Targeting them is fairly simple, said Schoeller, who fishes creek chubs on a No. 4 or No. 2 hook off the bottom. Although current dictates the sinker weight, it is typically 4 ounces.
"I like chubs better than minnows and trap my own," he said. "And I change them often. Burbot aren't scavengers. They won't take dead bait."
Just don't expect a good fight, he said. "Burbot hit like walleye ... pretty soft."
Daniels likened it to bringing in a big heavy log. "But then so are steelhead at this time of year," he said.
It's hard to argue with appearance, though, and burbot lack the steelhead's silvery luster. They are elongated -- some say eel-like -- with embedded scales, slimy skin and a single barbell on the lower jaw.
"Like a goatee," Murray said. "What's remarkable, though, is they have these extraordinarily large livers that take up about a third of their inside cavity, which may effectively filter their blood. When burbot are tested in a lab, historically they test pretty clean of mercury and PCBs."

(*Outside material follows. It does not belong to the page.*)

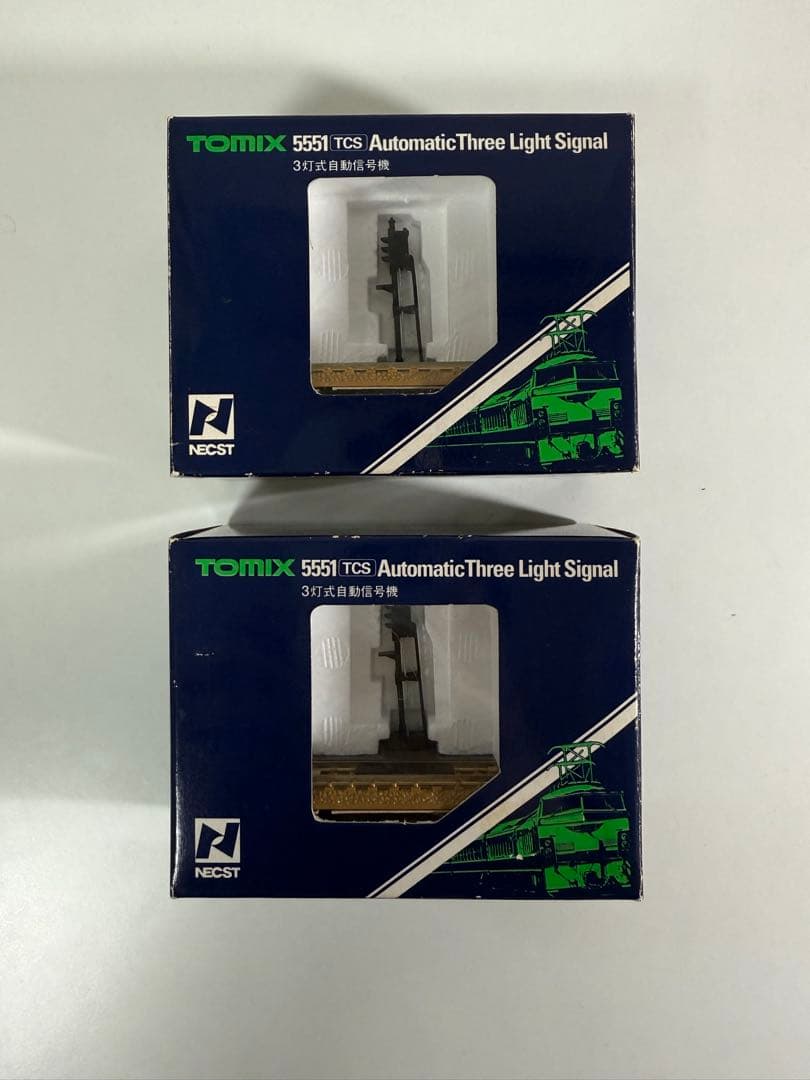 TOMIX TCS 自動踏切＋3灯式信号×2 ＋コンバーターボックスセット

Canada at one time tried to launch a commercial burbot fishery, for both the cod liver oil and the meat, but it never took off, Murray said. Jerry Mathers, the only commercial fisherman left on Pennsylvania's portion of Lake Erie, traps burbot as a by-catch when hauling in perch. He sells them in his downtown store, Big Tony's, The Last Fisherman.
"I've been in there when he's offering smoked burbot liver," said Murray. "There's a local following for it."
"The meat is also very good," said Daniels. "The best way is to bake it with a little butter, salt and pepper. We call it poor man's lobster."
Burbot has surprisingly few bones and is white and flakey when eaten fresh. It doesn't freeze well.
Although there's a five per day creel limit on burbot, there's no closed season. Except for fishing the winter spawn, the only other viable way to catch them is a little more complicated, given how deeply they dwell. The commission allows scuba divers to spear or gig-fish for burbot in 60 or more feet.
"In all my years with the commission," said Murray, "I can't say I've seen many folks do that, and I'm a scuba diver."